COST-EFFECTIVENESS OF INTERNET TELEPHONY – MARCH 1999
Monday, March 1st, 1999Listed below are some of the factors contributing to the cost-effectiveness and/or excitement surrounding Internet telephony as opposed to traditional carrier circuit-switched approaches:
· Carrier charges for overseas calls are far higher than underlying costs.
· The new ‘operators’ – whether they be individual computer-to-computer users, or a nascent carrier such as OzEmail – have nothing to lose and everything to gain by undercutting carriers’ overseas call rates.
· Customers want to save money and to support alternatives to their monopoly carrier.
· Excitement about a new technology.
Splitting a continuous signal such as speech into individual packets and launching each packet on its own around the world in the hope that it will arrive is not the most obvious nor necessarily the most efficient way to conduct a reliable international conversation!
It may be argued that Internet telephony is more efficient than traditional telephony because no packets are sent in the 60% or so of time in which the user is not speaking. The counter-argument is that carriers have long used this ‘silence removal’ on their international circuit-switched links to increase the number of calls they could fit into, for instance, a 2Mb/s international link. Similarly, arguments about the improved speech compression capabilities of Internet-connected computers are equally applicable to carriers, whose voice compression hardware and software can easily be upgraded.
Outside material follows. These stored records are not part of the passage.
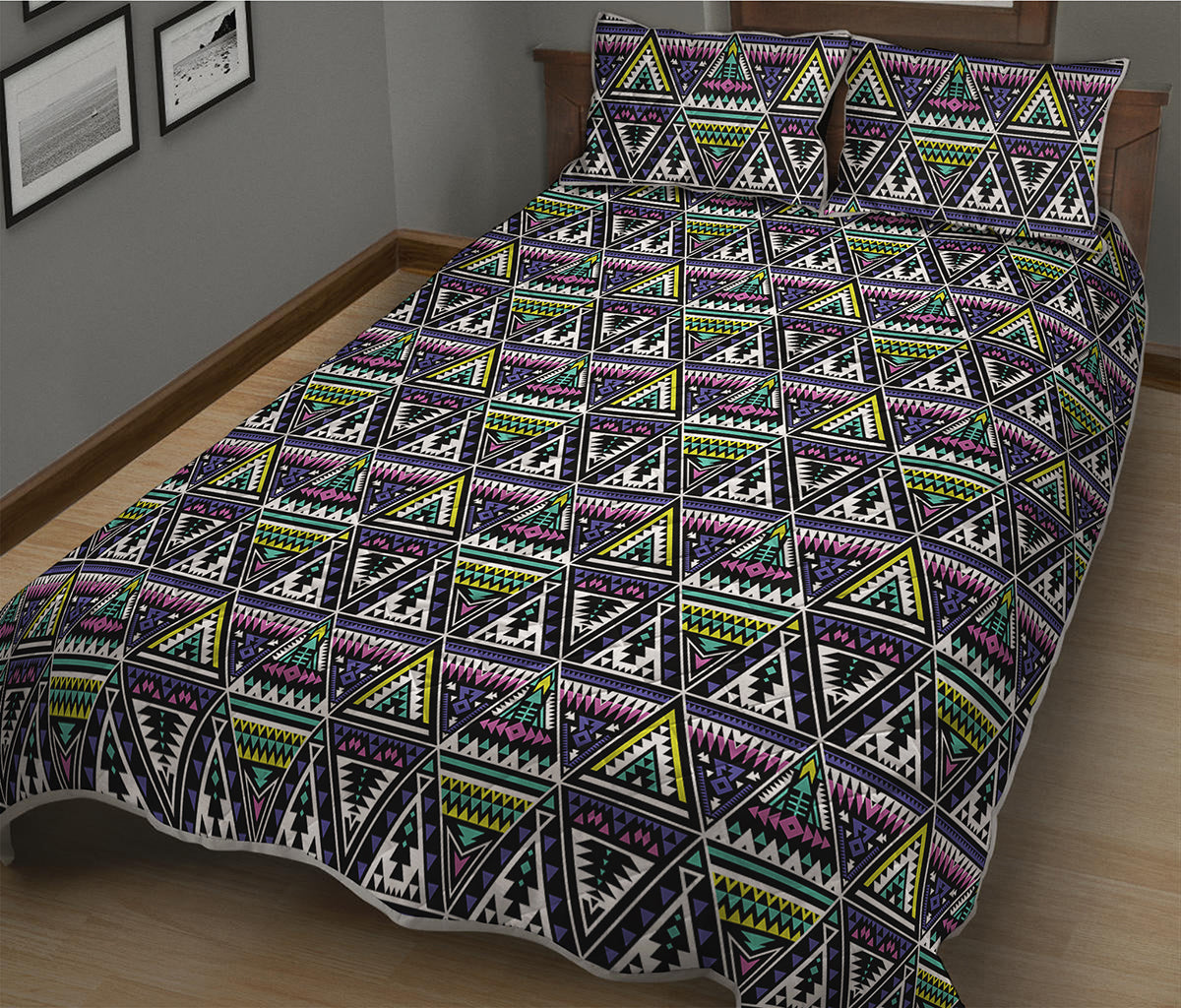 Colorful Geometric Native Navajo Print Quilt Bed Set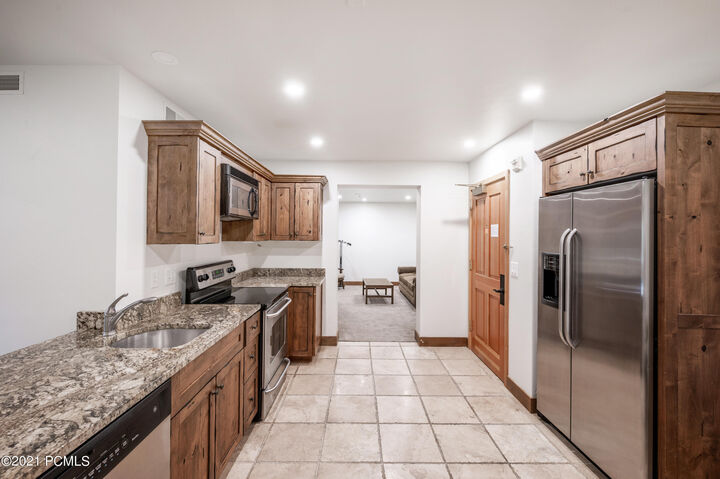 Property Photo: 2260 Park Avenue 9 UT 84060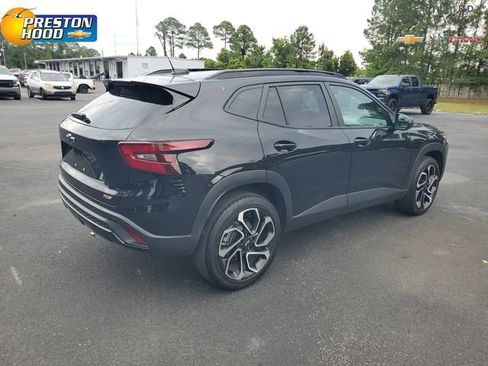 Certified 2025 Chevrolet Trax RS w/ Driver Confidence Package FWD image 6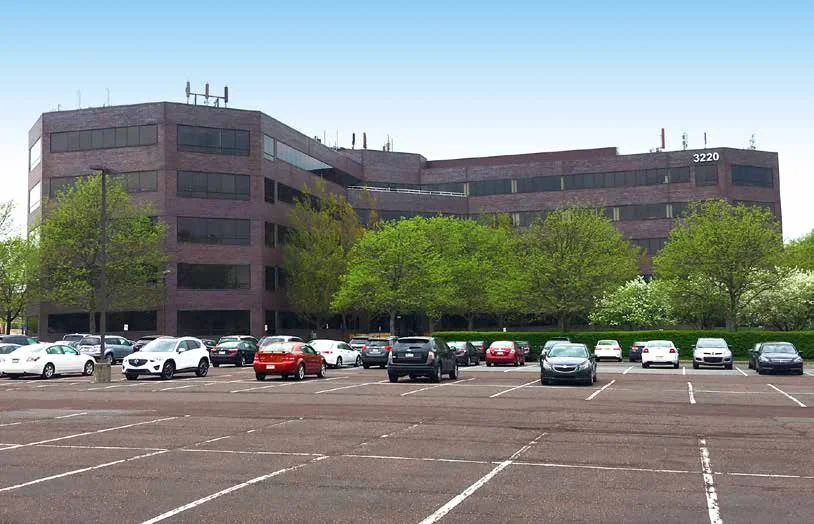 Glenview Corporate Center — Lease in Bensalem, PA, photo 1 of 2
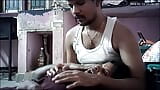 Indische huisvrouw streelt haar grote borsten snapshot 3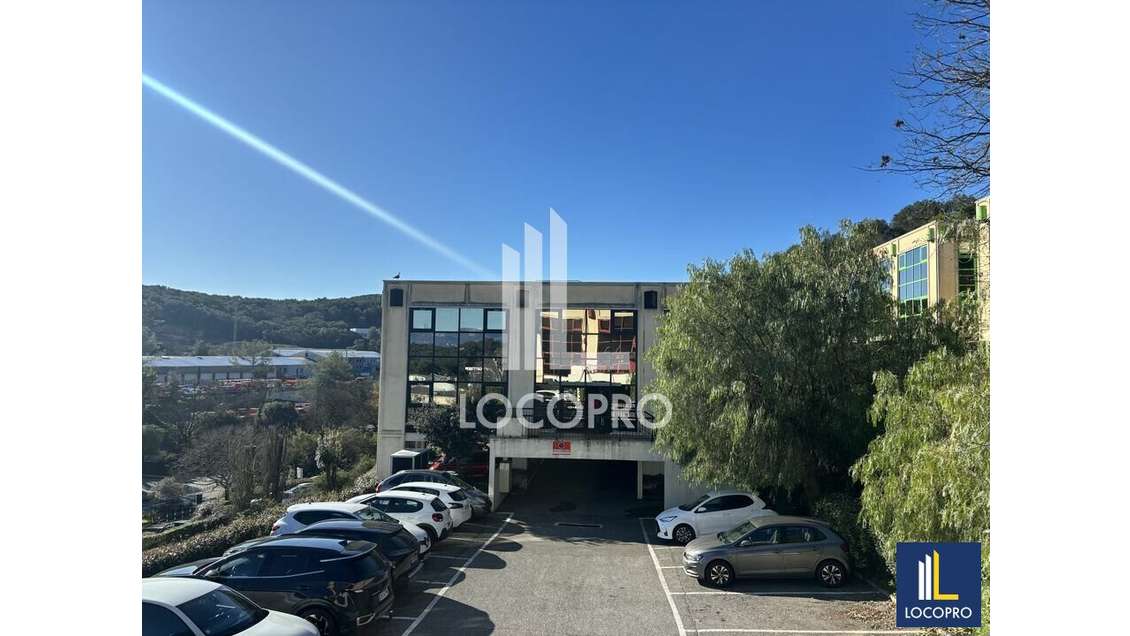 Bureaux de 236m² à louer à Sophia Antipolis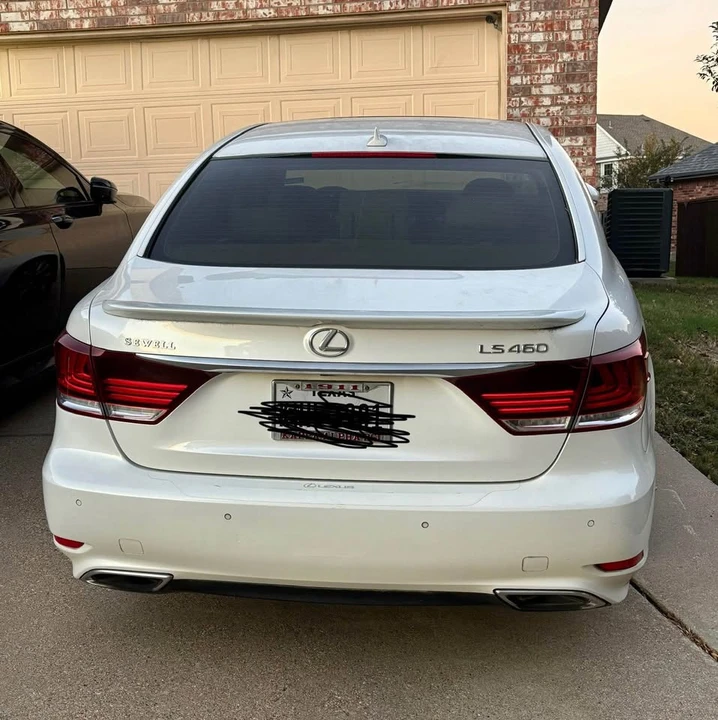 2013 Lexus LS 4th Gen - Image 3 of 4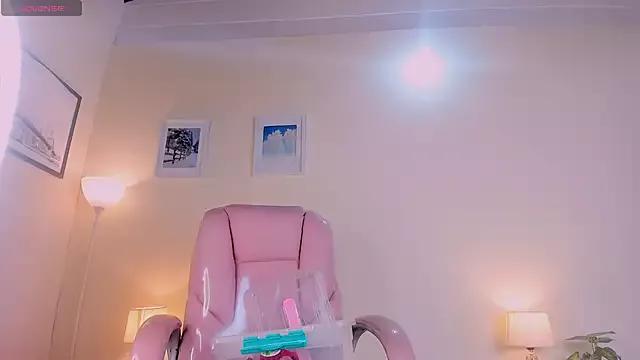 liaamoretz on StripChat 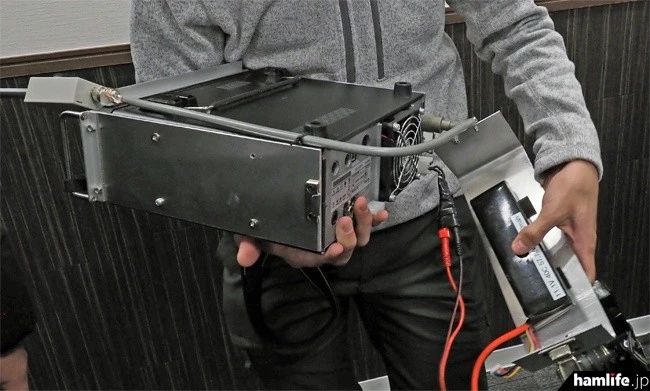 设计ICOM7300短波业余电台便携式背包的居然是一个15岁的高中生
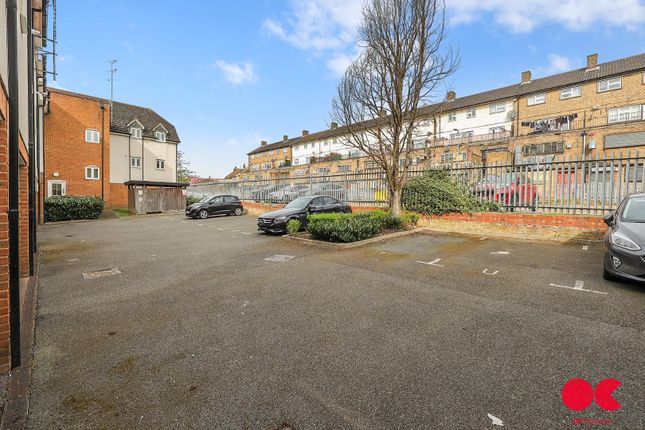 Flat for sale in Court Avenue, Romford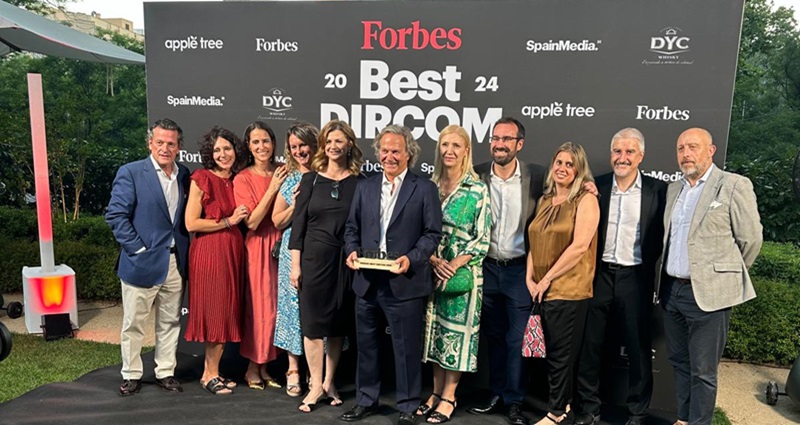 Julio Fernández-Llamazares encabeza la lista de los Best Dircom de Forbes 2024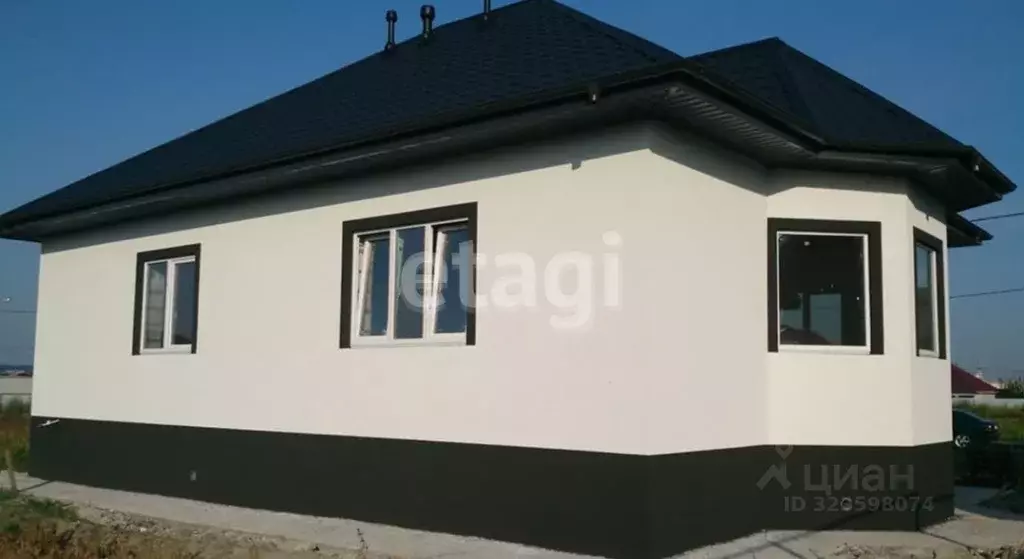 Дом в Курская область, Курский район, Новопоселеновский сельсовет, д. ... - Фото 1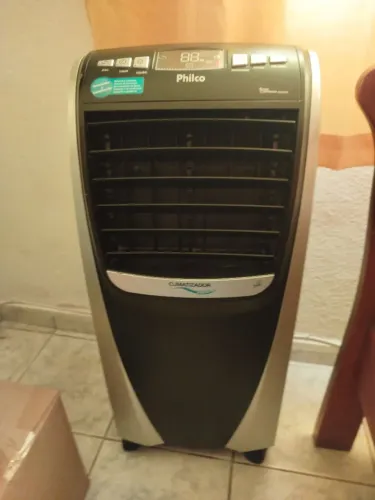 Umidificador e Ventilador Philco seminovo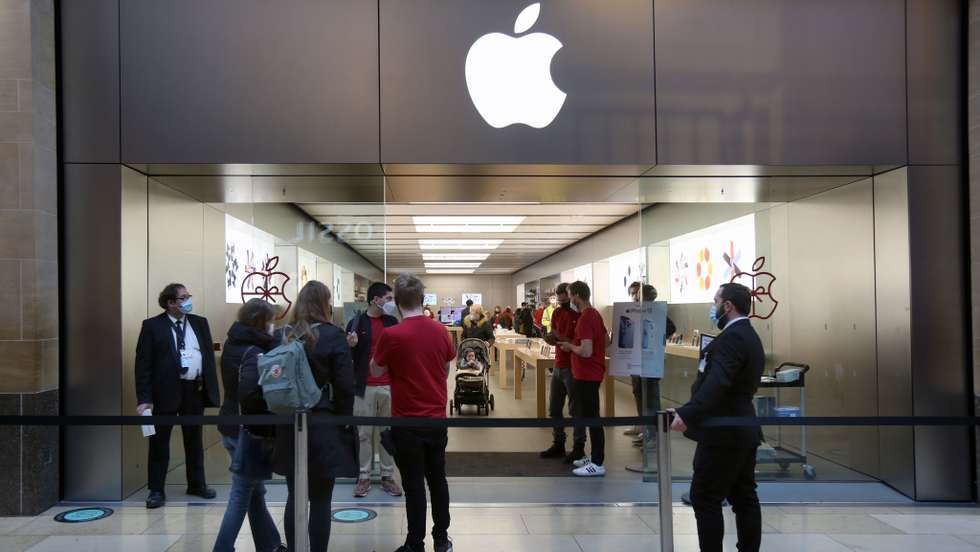 Shoppers Make Christmas Purchases In Cambridge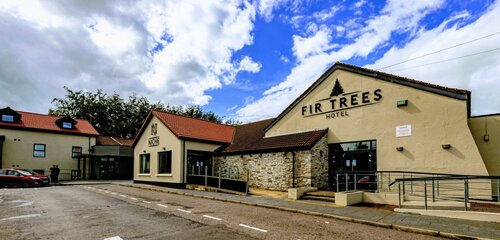 Гостиница Fir Trees Hotel в Графстве Тирон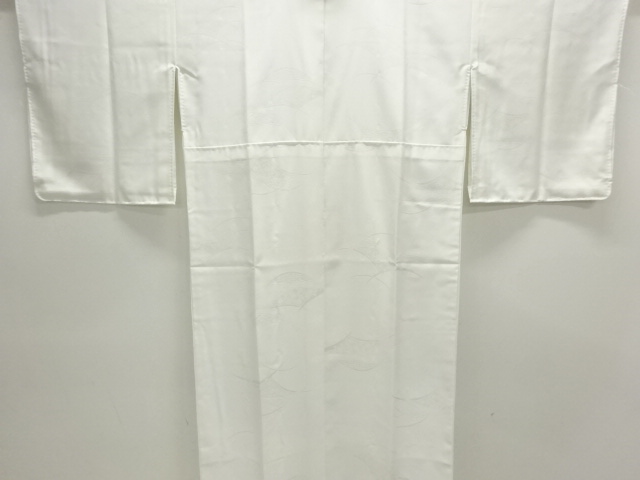 雪芝に花模様織り出し長襦袢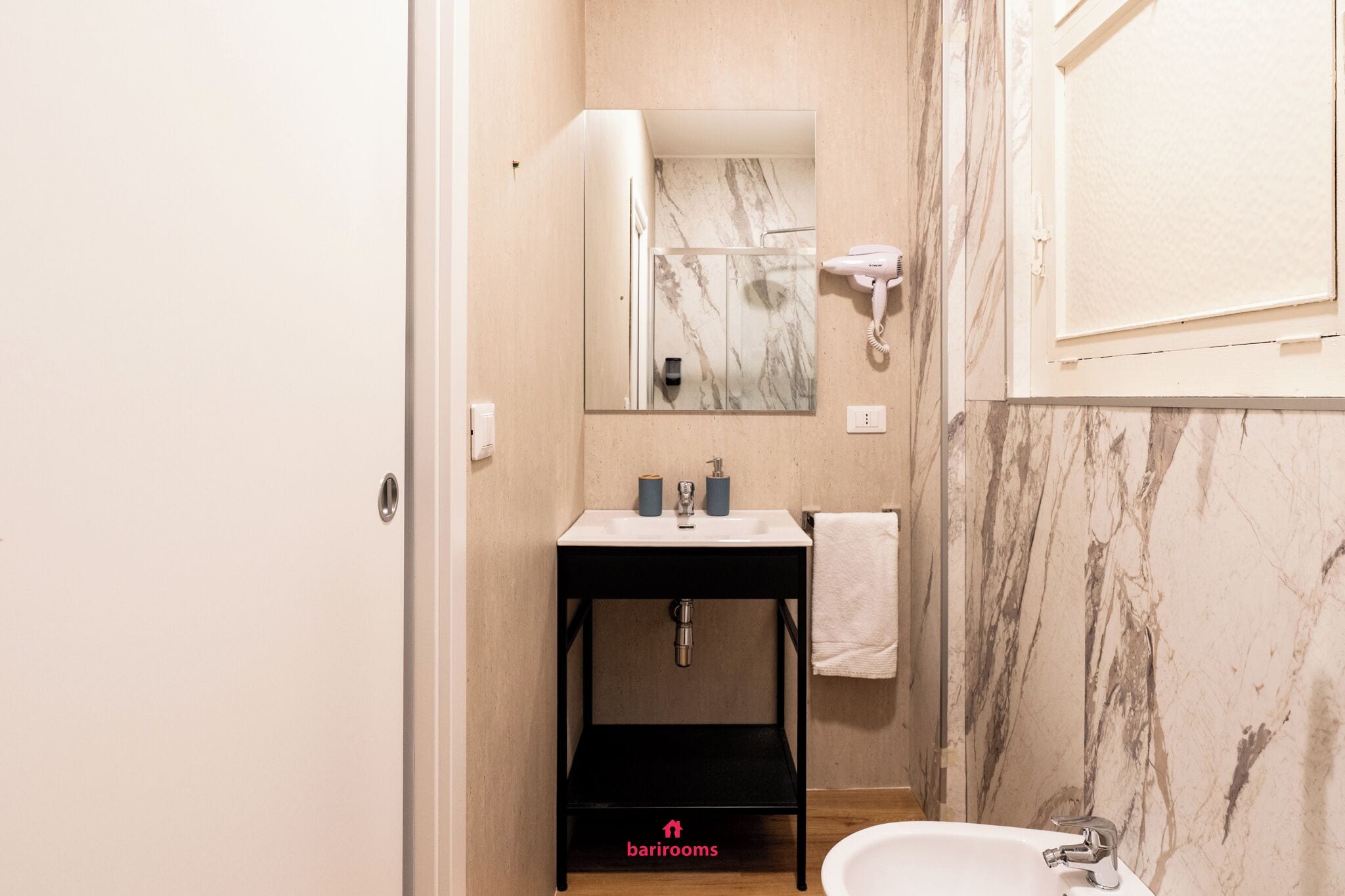 Doppelzimmer | Badezimmer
It could be argued that Internet telephony traffic, by sharing the links used by other types of Internet traffic, requires, on average, very little extra capacity to be added. But Internet packets are no more efficient than a well-managed circuit carrying many calls of compressed voice with silence removal.
If there was no cost differential between international links for circuit-switched traffic and those links which are devoted to Internet traffic (and which often share the same fibre), then the only fundamental cost advantage in Internet telephony which was equally reliable, and equally available (in terms of supporting high numbers of simultaneous calls whenever customers choose to make them), would be if the peak times for such calls were at different times to the peaks for other types of Internet traffic.